On Mon, Jun 12, 2017 at 4:01 PM, Niall Douglas via Boost < boost@lists.boost.org> wrote:
Still, I fail to see how Noexcept differs from Outcome in this aspect. Semantically the only difference is that Noexcept doesn't force users to use a special template in return types, but that's a good thing. If it's preferable, they can still use a special template, and if they do, it's trivial to design because it doesn't have to transport errors -- Noexcept takes care of that for you.
You *want* APIs to clearly indicate their failure contract.
Okay.
Relying on TLS trickery hides control flow paths.
How?

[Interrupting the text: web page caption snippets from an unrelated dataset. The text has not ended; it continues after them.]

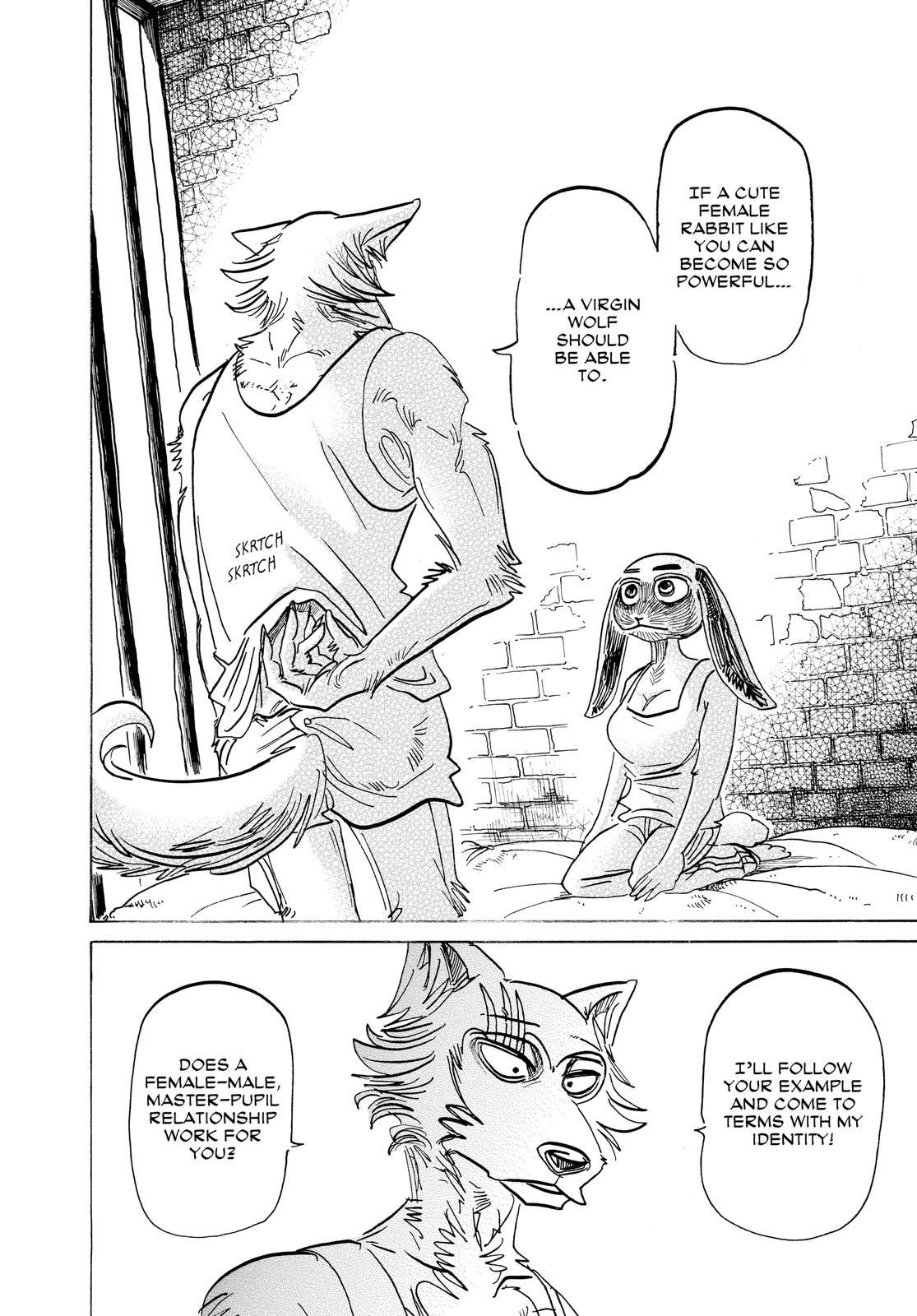 Beastars Chapter 161 - Page 20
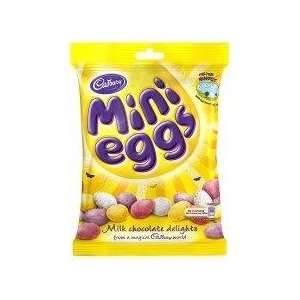 Cadbury Mini Egg Bag 100g   Pack of 6:  Grocery & Gourmet 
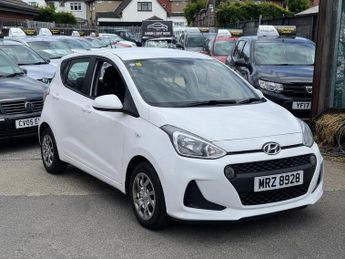 Hyundai I10 1.0 SE Hatchback 5dr Petrol Manual Euro 6 (66 ps)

Which control path is hidden by a return throw_(error())?
And if people fail to write the check, errors get lost or pop out in the wrong locations.
So, use optional<> with Noexcept.
Forcing a wrapper type to be used also allows [[nodiscard]] to be leveraged, and in the future static analysis to be applied. Neither works with your scheme, which is why I rejected it very early on.
Yes, I understand the argument for a wrapper type, what I've demonstrated is that this is a separate issue. Yes, do use a wrapper type if it is appropriate for the reasons you're providing.
Finally, Rust and Swift have adopted a Result
model. It is generally viewed as a good design choice for its problem domain. Varying significantly from what the other system languages are doing needs to have very strong rationale.
The rationale is that this is a better design choice for C++, or else you're arguing that C++ exception handling, which also doesn't burden return values with having to transport errors, is a bad design choice.